How to Keep Tropical Plants Warm in Winter
With the frigid temperatures, tropical plants can sustain irreversible damage and can even result in death. The following list is a guide on how to keep tropical plants warm in winter:
- Bring them inside. As tropical plants are perennials but often behave like annuals in temperate and subtropical climates, putting them indoors will make them stay green all year. Bright windows or glass doors are ideal places to place tropical plants while putting them close to the heat sources should be avoided.
- Keep the humidity high. Relative humidity drops as the temperature plummets. Because this element is essential in tropical plants, spray them constantly or install an air humidifier. For smaller plants, putting a glass bell chamber or used plastic bottles conserves air moisture and traps heat.
- Dig them up. Tuberous perennials may be dug if you experience snow, allowing them to stay dormant until spring. However, it would be best to just pot them and place them indefinitely indoors, with constant cozy temperatures.
- Cover with thick sheets. Some tropical plants can withstand light temperature drops, but not in the long run. Thick bed sheets or old blankets can help them stay warm.
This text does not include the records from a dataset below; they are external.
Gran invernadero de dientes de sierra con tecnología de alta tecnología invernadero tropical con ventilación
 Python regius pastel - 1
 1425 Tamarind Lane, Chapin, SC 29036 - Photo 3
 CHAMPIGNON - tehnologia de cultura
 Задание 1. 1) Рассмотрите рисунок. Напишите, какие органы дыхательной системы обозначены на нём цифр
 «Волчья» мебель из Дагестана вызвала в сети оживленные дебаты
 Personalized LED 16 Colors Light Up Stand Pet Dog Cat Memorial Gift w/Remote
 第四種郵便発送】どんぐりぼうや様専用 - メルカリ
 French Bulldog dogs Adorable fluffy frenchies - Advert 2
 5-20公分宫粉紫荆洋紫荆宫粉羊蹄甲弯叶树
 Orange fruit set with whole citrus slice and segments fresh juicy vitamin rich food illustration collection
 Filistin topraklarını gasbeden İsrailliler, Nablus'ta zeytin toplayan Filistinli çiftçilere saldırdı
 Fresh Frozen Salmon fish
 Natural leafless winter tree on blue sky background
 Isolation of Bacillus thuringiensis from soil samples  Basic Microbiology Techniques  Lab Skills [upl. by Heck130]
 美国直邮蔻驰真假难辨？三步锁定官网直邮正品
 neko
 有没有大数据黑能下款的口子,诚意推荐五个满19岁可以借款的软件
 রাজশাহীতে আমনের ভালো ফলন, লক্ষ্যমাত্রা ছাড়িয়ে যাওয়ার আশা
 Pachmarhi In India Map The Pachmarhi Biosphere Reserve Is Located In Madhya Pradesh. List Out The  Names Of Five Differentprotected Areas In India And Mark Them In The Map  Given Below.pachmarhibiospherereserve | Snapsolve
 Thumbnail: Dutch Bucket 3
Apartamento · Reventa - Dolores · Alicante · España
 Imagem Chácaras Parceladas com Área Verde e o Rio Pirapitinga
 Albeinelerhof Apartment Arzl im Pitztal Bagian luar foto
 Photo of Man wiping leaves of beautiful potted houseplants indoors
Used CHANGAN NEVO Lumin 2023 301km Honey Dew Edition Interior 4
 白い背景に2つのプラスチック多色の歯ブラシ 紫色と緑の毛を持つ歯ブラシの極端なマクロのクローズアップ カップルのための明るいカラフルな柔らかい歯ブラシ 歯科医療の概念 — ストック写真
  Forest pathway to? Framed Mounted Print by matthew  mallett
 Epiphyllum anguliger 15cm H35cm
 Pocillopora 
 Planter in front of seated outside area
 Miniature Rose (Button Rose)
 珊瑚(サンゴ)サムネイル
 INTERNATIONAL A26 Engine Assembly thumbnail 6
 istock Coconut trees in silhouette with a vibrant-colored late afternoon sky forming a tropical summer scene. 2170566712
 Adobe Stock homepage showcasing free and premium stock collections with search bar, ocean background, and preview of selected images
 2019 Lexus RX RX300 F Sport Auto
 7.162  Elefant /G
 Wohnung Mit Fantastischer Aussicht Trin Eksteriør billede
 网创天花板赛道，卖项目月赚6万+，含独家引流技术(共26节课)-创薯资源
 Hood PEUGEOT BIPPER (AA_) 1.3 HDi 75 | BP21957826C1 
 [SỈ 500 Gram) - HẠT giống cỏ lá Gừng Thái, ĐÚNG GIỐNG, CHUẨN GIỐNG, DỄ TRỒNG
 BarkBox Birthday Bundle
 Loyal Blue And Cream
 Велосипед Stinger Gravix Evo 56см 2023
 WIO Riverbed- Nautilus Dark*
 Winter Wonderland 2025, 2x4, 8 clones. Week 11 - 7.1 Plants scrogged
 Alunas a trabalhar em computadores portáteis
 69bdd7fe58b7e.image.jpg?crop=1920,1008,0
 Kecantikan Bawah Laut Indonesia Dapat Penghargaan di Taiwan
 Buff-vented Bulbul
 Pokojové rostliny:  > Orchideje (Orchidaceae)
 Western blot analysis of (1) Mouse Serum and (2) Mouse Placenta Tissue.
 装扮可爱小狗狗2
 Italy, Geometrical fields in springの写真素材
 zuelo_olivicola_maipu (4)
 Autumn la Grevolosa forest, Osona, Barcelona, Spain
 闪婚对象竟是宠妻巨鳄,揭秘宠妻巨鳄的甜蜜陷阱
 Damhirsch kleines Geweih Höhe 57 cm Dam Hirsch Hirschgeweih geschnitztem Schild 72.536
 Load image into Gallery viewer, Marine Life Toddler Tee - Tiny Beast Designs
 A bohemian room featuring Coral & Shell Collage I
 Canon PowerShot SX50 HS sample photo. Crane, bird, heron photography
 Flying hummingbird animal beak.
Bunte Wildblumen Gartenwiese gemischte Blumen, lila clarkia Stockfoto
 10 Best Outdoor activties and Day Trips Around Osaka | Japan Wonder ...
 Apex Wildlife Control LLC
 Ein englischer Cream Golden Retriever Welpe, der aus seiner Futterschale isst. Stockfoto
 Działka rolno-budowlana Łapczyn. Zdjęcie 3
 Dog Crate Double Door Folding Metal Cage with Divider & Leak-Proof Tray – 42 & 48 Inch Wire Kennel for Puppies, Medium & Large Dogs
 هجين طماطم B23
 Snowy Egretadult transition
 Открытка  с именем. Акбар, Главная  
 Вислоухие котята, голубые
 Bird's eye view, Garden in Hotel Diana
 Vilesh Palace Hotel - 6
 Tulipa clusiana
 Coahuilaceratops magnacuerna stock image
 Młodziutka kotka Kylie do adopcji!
How to Protect Trees From Freezing Temperatures?
Many trees succumb to icy winds that constantly bombard their trunk during storms. To keep them nice and happy, here’s how to keep plants warm outside:
- Wrap the trunk. Like humans, blanketing the exposed parts, such as trunks, will shield the tree from frost damage. Many materials can be used to encase it, such as commercial tree wrap, plastic tree guard, burlap nets, or old potato sacks.
- Tuck in the canopy. Keeping the leafless or evergreen canopies is recommended for young trees for at least 1-2 winters from planting. Simply enclose the entire top with plastic to protect from freeze burn, keeping them warm throughout the harsh weather. Similar materials can be used when wrapping the upper branches.
- Construct a wind barrier. Building a barrier as a plant warmer for winter, made of various porous materials like burlap, mitigates the cold damage from wind gusts to the trunk and young trees.
- Cover the roots. The plant’s anchorage organ must also stay cozy. Put a heap of shredded bark over the tree surface, making a few inches of space from the main trunk until the outer canopy level.
What Temperature Is Too Cold for Plants?
Plants have variable temperature tolerance ranges, but for most houseplants, it is safe to assume that anything 18 °C is cold for them. Modern hybrids often have lower temperature limits, while some, called microtherms, can withstand 0-14 °C.
How to Protect Plants From Cold at Night?
The best way to mitigate frost is to bring them in a greenhouse or indoors. Alternatively, cover your plants with bubble wraps, plastic tarps, mulches, old blankets, and burlap nets.
How Long Can Tropical Plants Tolerate Cold?
Tropical plants cannot last long in the cold, especially if temperatures below 15 °C are sustained. Specific plant metabolism can hardly function in the icy environment and may start to lose leaves after exposure.